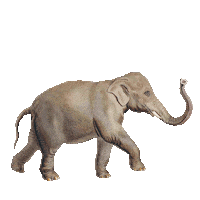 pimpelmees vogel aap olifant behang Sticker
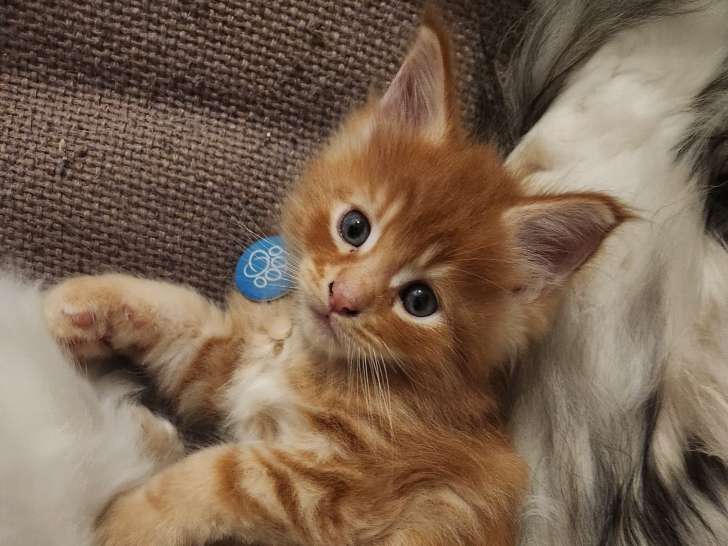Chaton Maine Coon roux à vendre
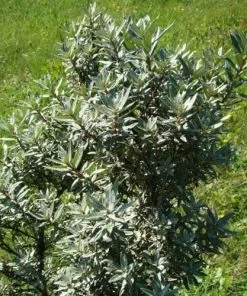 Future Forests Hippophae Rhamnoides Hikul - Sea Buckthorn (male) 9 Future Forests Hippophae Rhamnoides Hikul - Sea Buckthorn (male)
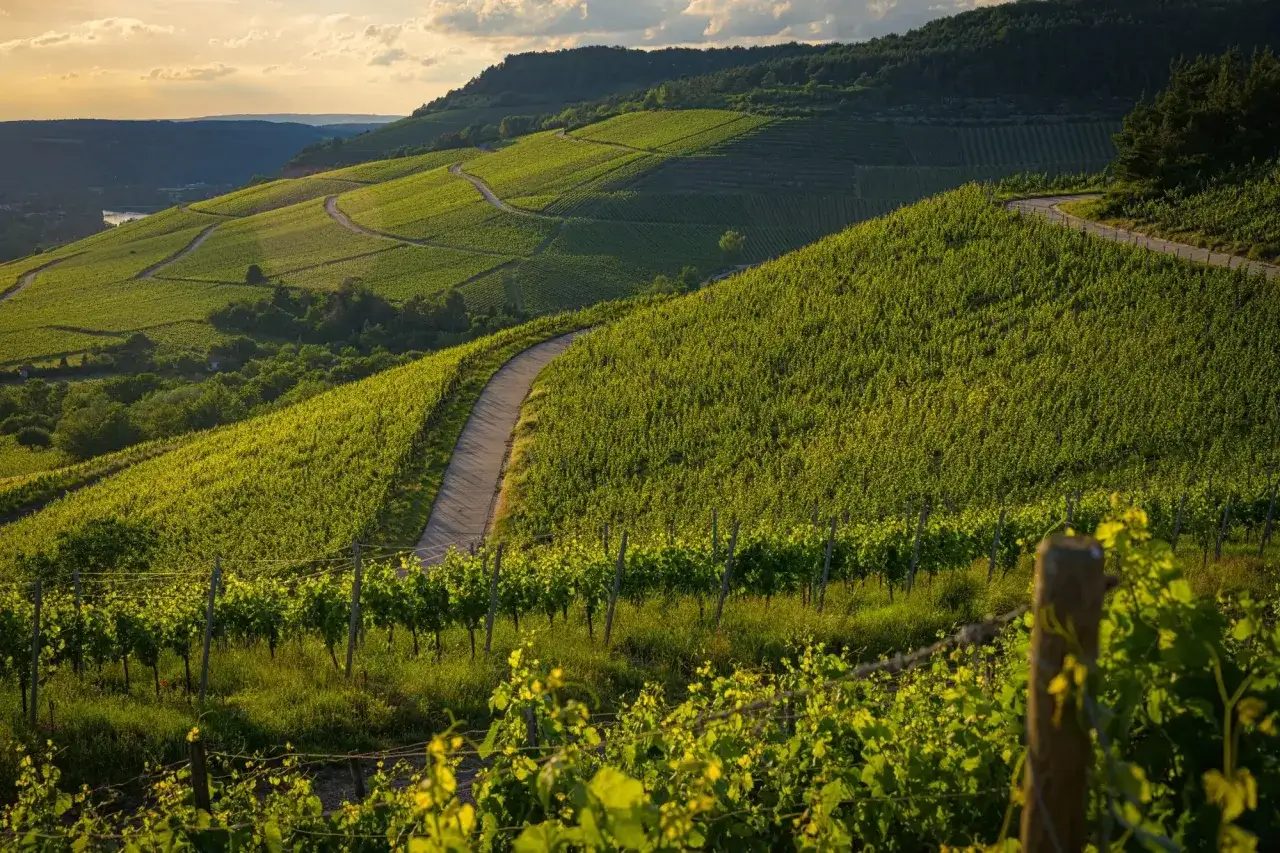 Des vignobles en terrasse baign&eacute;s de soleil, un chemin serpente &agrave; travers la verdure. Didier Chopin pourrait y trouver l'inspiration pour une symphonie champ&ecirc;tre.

———

TASK OBJECTIVE ->
Please output the listing above exactly from its first line through the line with "Buckthorn (male) 9", both included, and nothing beyond that line. Omit pictures.

EXERCISE RESPONSE ->
 pimpelmees vogel aap olifant behang Sticker
Chaton Maine Coon roux à vendre
 Future Forests Hippophae Rhamnoides Hikul - Sea Buckthorn (male) 9 Future Forests Hippophae Rhamnoides Hikul - Sea Buckthorn (male)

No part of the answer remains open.